You can implement an allocator in Rust; it's unclear why you think this is not possible.

One example:

- https://github.com/fitzgen/bumpalo


Worth noting that support for custom allocators in standard collections is not finalized yet: https://github.com/rust-lang/rust/issues/32838

The (awesome) bumpalo crate that you link to gets around this by providing ported implementations of Vec and String, but if you need e.g. a custom-allocated HashMap, you need to implement it yourself.


Thanks for the additional points! What you state is true, but somewhat orthogonal to the point that the grandparent post was making (and I sought to refute).

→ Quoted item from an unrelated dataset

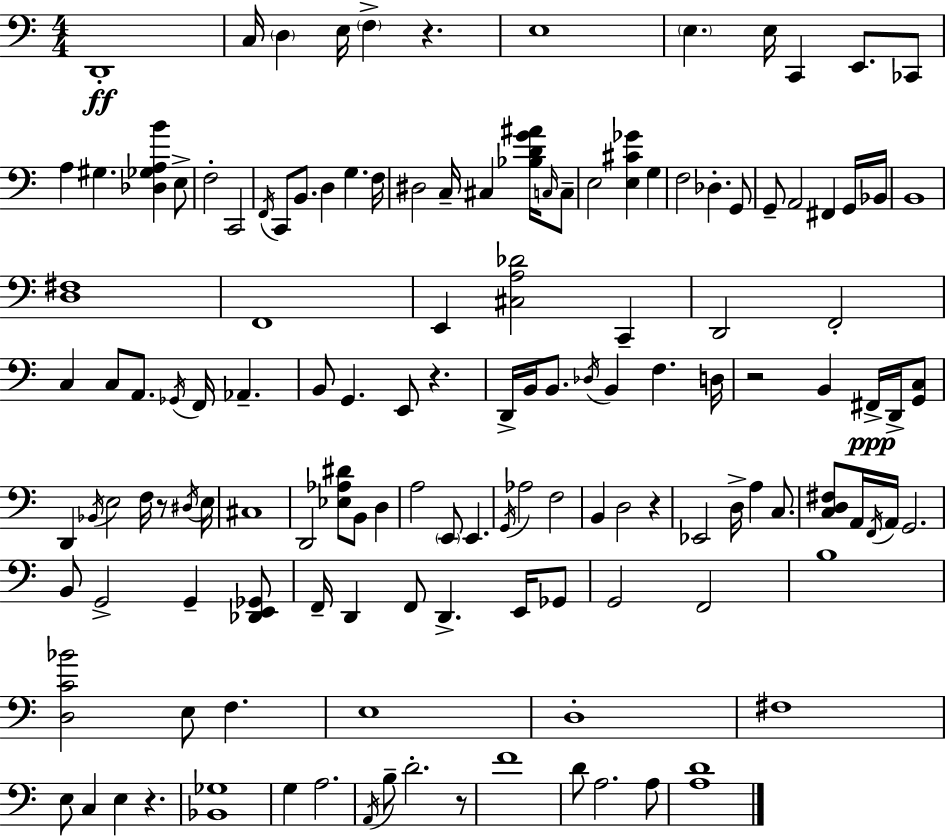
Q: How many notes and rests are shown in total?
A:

Creating an allocator is inherently possible. Using that allocator with the rest of the ecosystem is currently not stable, as you point out.

As a sometimes Rust embedded developer, I look forward to both parameterized allocators and fallible allocation.

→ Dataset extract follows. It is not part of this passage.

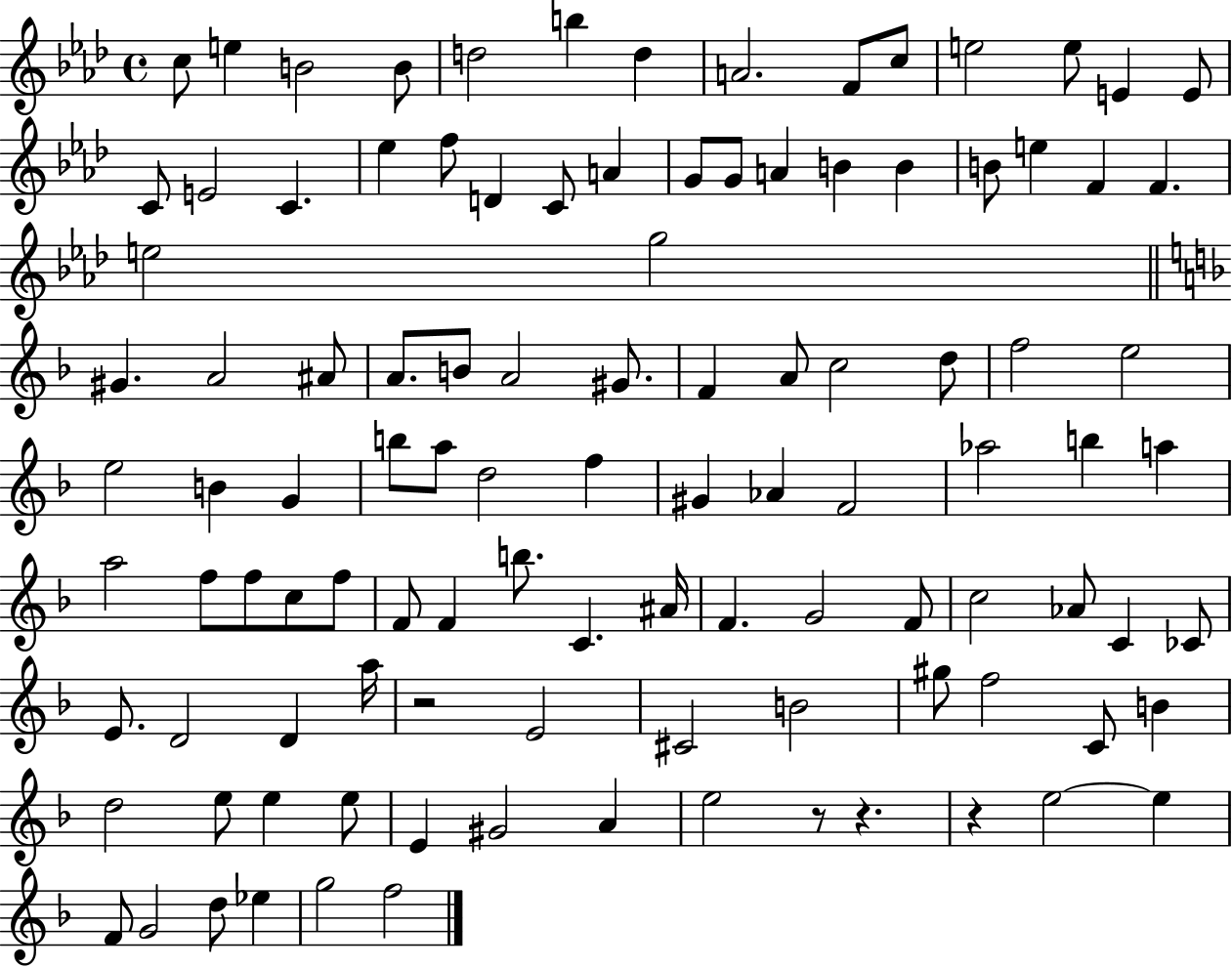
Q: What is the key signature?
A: AES major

Also worth noting that this is one thing Zig seems to have gotten quite right already: every standard library function which might need to allocate memory requires the user of that function to pass in an allocator of one's choosing, whether provided with the standard library or provided from scratch.

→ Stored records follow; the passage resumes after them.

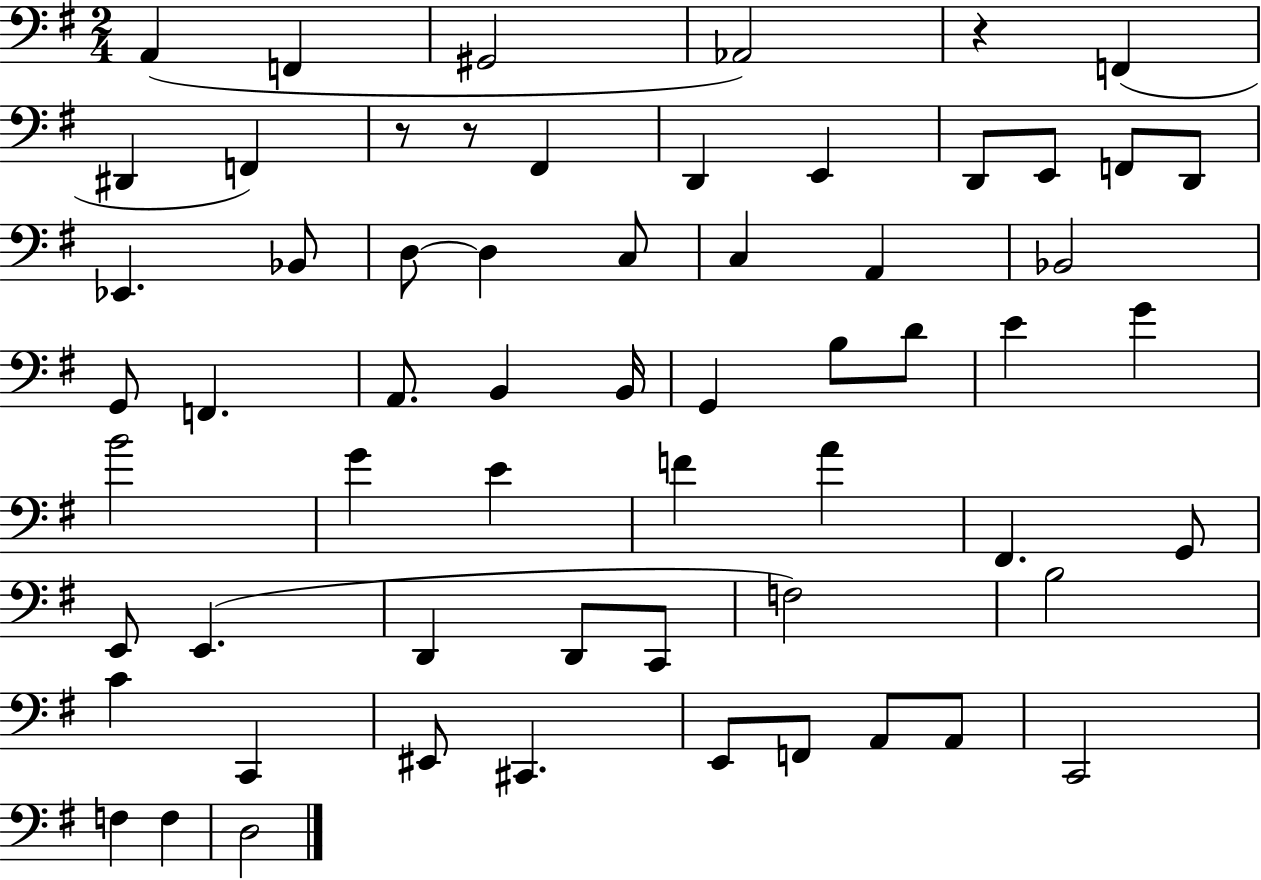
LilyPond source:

{
  \clef bass
  \numericTimeSignature
  \time 2/4
  \key g \major
  a,4( f,4 | gis,2 | aes,2) | r4 f,4( | \break dis,4 f,4) | r8 r8 fis,4 | d,4 e,4 | d,8 e,8 f,8 d,8 | \break ees,4. bes,8 | d8~~ d4 c8 | c4 a,4 | bes,2 | \break g,8 f,4. | a,8. b,4 b,16 | g,4 b8 d'8 | e'4 g'4 | \break b'2 | g'4 e'4 | f'4 a'4 | fis,4. g,8 | \break e,8 e,4.( | d,4 d,8 c,8 | f2) | b2 | \break c'4 c,4 | eis,8 cis,4. | e,8 f,8 a,8 a,8 | c,2 | \break f4 f4 | d2 | \bar "|."
}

For example, I've been (slowly, given limited free time) working on a SQLite binding for Zig. SQLite has its own allocator, which I've wrapped like so:

    const std = @import("std");
    const Allocator = std.mem.Allocator;
    const ArrayList = std.ArrayList;
    
    // This is all ripped from Zig's C allocator, with adaptations to point to
    // SQLite's allocator instead.
    pub const allocator = &allocator_state;
    var allocator_state = Allocator{
        .reallocFn = realloc,
        .shrinkFn = shrink,
    };
    
    fn realloc(self: *Allocator,
               old_mem: []u8,
               old_align: u29,
               new_size: usize,
               new_align: u29) ![]u8 {
        std.debug.assert(new_align <= @alignOf(c_longdouble));
        const old_ptr =
            if (old_mem.len == 0) null else @ptrCast(*c_void, old_mem.ptr);
        const buf = sqlite3_realloc64(old_ptr, @intCast(u64, new_size))
            orelse return error.OutOfMemory;
        return @ptrCast([*]u8, buf)[0..new_size];
    }
    
    fn shrink(self: *Allocator,
              old_mem: []u8,
              old_align: u29,
              new_size: usize,
              new_align: u29) []u8 {
        const old_ptr = @ptrCast(*c_void, old_mem.ptr);
        const buf = sqlite3_realloc64(old_ptr, @intCast(u64, new_size))
            orelse return old_mem[0..new_size];
        return @ptrCast([*]u8, buf)[0..new_size];
    }
And later, to actually open a database (where we need an allocator to add a null byte to a Zig string to satisfy SQLite's expectations for a database name, so we might as well use SQLite's)¹:

    pub fn open(name: []const u8) !Database {
        // "allocator" here being the const-defined one above
        var cstrName = try std.cstr.addNullByte(allocator, name);
        defer allocator.free(cstrName);
        var db: Database = undefined;
        var rc = sqlite3_open(cstrName.ptr, &db);
    
        if (rc == SQLITE_OK) {
            return db;
        } else {
            _ = sqlite3_close(db);
            return errorCode(rc);
        }
    }
Of course, it'd be even better if such a wrapper actually used SQLite's own support for custom allocators to follow the Zig stdlib convention of allowing the user to supply one's own allocator. Going the other way seemed like a reasonable short-term choice, though, and it was a good enough excuse for me to learn the ropes on custom allocators (even if most of the code ultimately came from Zig's own C allocator).

----

¹: It turns out that this specific example will apparently be entirely unnecessary in future versions of Zig; the master branch documentation seems to do away with "Zig strings" v. "C strings", instead just making strings null-terminated by default (using what looks to be new support for "sentinel-terminated" pointers/arrays/slices). Looks like I've got some work to do :)


I said "I do not think". I do not really know Rust. Obviously I was wrong.


You also cannot fully implement libc in ISO C, without using either language extensions or an external Assembler.

So I guess it is not a "low level"/"systems".


True. You beat me. But C with extensions does qualify ;)


So does any other language with extensions, even stuff like CircuitPython.